What you have defined is what general topologists call an ordinal invariant of a topological space. This is just what it sounds like: an assignment of an ordinal number to every topological space in such a way that homeomorphic spaces get assigned equal ordinals.
Knowing this terminology may help you search the literature to see whether your invariant already appears. For instance, you might look here:
Kannan, V.
Ordinal invariants in topology.
Mem. Amer. Math. Soc. 32 (1981), no. 245, v+164 pp.
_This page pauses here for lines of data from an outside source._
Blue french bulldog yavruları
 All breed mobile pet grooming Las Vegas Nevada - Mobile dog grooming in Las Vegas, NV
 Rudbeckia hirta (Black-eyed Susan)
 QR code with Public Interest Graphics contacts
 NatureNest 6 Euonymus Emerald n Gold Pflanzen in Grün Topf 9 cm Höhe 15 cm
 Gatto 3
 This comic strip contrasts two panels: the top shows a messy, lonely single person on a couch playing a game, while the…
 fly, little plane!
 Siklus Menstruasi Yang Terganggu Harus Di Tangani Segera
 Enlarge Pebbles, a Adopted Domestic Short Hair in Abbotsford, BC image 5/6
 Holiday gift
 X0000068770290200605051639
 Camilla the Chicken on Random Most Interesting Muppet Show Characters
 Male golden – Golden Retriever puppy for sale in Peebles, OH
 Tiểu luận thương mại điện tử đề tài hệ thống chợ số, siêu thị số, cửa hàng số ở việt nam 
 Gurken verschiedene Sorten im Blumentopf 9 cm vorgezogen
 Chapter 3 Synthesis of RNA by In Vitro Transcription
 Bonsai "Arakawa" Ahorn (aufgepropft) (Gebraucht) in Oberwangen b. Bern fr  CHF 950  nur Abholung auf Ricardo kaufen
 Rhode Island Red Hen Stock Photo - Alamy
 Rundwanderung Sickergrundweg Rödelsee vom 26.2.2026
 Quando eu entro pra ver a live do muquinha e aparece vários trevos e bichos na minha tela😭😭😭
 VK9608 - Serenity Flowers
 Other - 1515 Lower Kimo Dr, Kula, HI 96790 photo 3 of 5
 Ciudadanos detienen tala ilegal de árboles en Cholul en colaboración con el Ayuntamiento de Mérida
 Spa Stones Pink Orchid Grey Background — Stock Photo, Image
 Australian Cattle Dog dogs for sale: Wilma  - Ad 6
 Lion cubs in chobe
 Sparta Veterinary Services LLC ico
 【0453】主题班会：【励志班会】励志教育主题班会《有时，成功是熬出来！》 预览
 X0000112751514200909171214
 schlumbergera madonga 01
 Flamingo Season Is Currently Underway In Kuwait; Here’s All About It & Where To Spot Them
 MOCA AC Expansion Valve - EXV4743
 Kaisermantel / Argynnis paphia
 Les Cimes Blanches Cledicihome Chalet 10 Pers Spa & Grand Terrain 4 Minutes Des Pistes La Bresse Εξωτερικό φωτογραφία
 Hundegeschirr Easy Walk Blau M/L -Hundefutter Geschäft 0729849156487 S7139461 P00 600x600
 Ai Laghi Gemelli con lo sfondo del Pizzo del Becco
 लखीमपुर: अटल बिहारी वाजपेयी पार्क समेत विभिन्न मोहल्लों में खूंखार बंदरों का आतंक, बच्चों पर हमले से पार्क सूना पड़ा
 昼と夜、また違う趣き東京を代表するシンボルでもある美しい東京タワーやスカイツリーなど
MathReview by S.P. Franklin:
What follows is the text of an advertising blurb for this manuscript used by the AMS. Filtering out the obvious sales pitch leaves a general but accurate account of the contents: ``The concept of the order of a map is so powerful as to form a base for the unification of several ordinal invariants in topology. In this work, the author shows that the derived length of scattered spaces, sequential order of sequential spaces, etc., can all be described in terms of this notion. This view helps to extend them so as to be defined for all topological spaces without missing their most significant properties, to dualize them, to perceive them in the background of category theory and to obtain a lot of new information. In this self-contained work the author incidentally comes across some close connections among such apparently unrelated areas of topology as Čech closures, coreflective subcategories, special morphisms and the ordinal invariants mentioned above. The notion of $E$-order introduced here provides a unification of such invariants as sequential order, $k$-order, $m$-net-order and so on. This theory is not only more satisfactory than the earlier attempts of unification but also encompasses them as subcases.''
The list beginning with sequential order should also include the derived order.
To me it seems possible that this definition and your result -- that every ordinal number arises in this way from a topological space -- could be publishable, if written up in a succinct and attractive way.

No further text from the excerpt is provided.